Revelation Part 3: The Ongoing Restoration
In Part One, I noted the varying uses of verb tense in Revelation. As I pointed out, verses 20:7-10 contain 12 verbs; 6 are in the past, 2 are present tense, and 4 are future tense. Similarly, the description of the fall of Babylon contains both past and future tenses. This makes it impossible to assign the events in Revelation literally to the past, present or future– at least, not without suggesting that John didn’t say what he meant.
Revelation thus portrays events that occur outside our concept of time. In that sense, they both have happened and will happen. Put another way, they are continually happening. Thus, Revelation is not a prophetic view of the future, distant or otherwise. It is a description of God and Christ working in the world throughout our concept of history.
This puts the events described in a very different context. As I mentioned before, books could be written (and have been written) about the contents of Revelation. This, on the other hand. will be a very short summary.
Let’s take the example of the seven seals. First, I find it striking that, as the Lamb breaks each seal, the four living creatures (the symbols of God’s creation) “call out, as with a voice of thunder, ‘Come!'” (6:1). I’ve noted the writer’s love of irony. In Genesis 1, God calls Creation into being; here, Creation calls God’s work into being.
As the first four seals are broken, four riders are released. The first is the lover of power, the second is war, the third is famine and poverty, and the fourth is death. How often in history have we seen this cycle? Does it predict the future? Of course it does, for whenever a power-hungry leader arises, war and suffering and death follow.
With the fifth seal, the martyrs call out for justice, and with the sixth the existing structures are thrown into turmoil. Then there’s an interlude in which the 144,000 chosen and the multitude of believers from every nation are identified. This is a choosing up of sides between believers and evil.
With the breaking of the seventh seal, the seven trumpets bring forth plagues and tortures. Yet, as 9:20-21 makes clear, the point of these disasters is to cause people to repent, turn to God, and change their ways. They do not repent, and the story continues.
Then the seventh angel blew his trumpet, and there were loud voices in heaven, saying,
“The kingdom of the world has become the kingdom of our Lord
and of his Messiah,
and he will reign forever and ever.” (11:15)
The Kingdom has been established! But the woes are not over. The dragon and the two beasts emerge. The first beast makes war on the believers, but an angel warns:
Let anyone who has an ear listen:
If you are to be taken captive,
into captivity you go;
if you kill with the sword,
with the sword you must be killed.
Here is a call for the endurance and faith of the saints. (13:9-10)

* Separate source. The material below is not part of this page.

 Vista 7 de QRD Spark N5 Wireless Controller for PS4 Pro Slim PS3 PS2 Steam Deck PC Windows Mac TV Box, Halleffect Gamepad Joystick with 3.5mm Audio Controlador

Clearly, just as Jesus conquers with the Word, the believers are to eschew violence.
Even now, there is an opportunity for those who follow evil to repent (14:6). Yet seven plagues follow, ending with the fall of Babylon. Here, too, there’s a strong sense of irony: Babylon, the Great Whore, is destroyed not by God, but by those who serve her (17:16-18). Similarly, there is an entire chapter (18) dedicated to lamenting the fall of Babylon, the world’s great economic power– and yet the fall itself is never described. An angel declares before the plagues, “Fallen is Babylon the Great!” (14:8), and again after the plagues as the beneficiaries of Babylon lament (18:2), but the fall itself is never recounted.
Then follows the battle at Harmageddon, in which Christ the Warrior defeats the beast and slays the kings of the earth with the sword of his tongue (19:17-21). Satan is thrown down for a thousand years, then rises and is defeated. The dead are judged.
Then I saw a new heaven and a new earth; for the first heaven and the first earth had passed away, and the sea was no more. And I saw the holy city, the new Jerusalem, coming down out of heaven from God, prepared as a bride adorned for her husband. (21:1-2)
Yet here again, though there is a great deal of rejoicing for the wedding and a detailed description of the New Jerusalem, the wedding is never described. It is apparently already accomplished. Through the city runs the river of life, which comes from God and the Lamb. The vision closes with these words:
[H]is servants will worship him; they will see his face, and his name will be on their foreheads. And there will be no more night; they need no light of lamp or sun, for the Lord God will be their light, and they will reign forever and ever. (22:4-6)
In the epilogue, John relates that the time is “coming soon,” yet “Let the evildoer still do evil, and the filthy still be filthy, and the righteous still do right, and the holy still be holy” (22:11). His benediction closes:
Let anyone who wishes take the water of life as a gift. (22:17)
Revelation is surely a vision of hope, yet not hope for the distant future. (It has, after all, been almost 2,000 years since it was written to give hope to the churches of Asia.) The gift of the water of life is available now. Babylon is fallen now. Satan is defeated now.
Revelation is a powerful exhortation that evil doesn’t have the last word, Jesus does. Every day.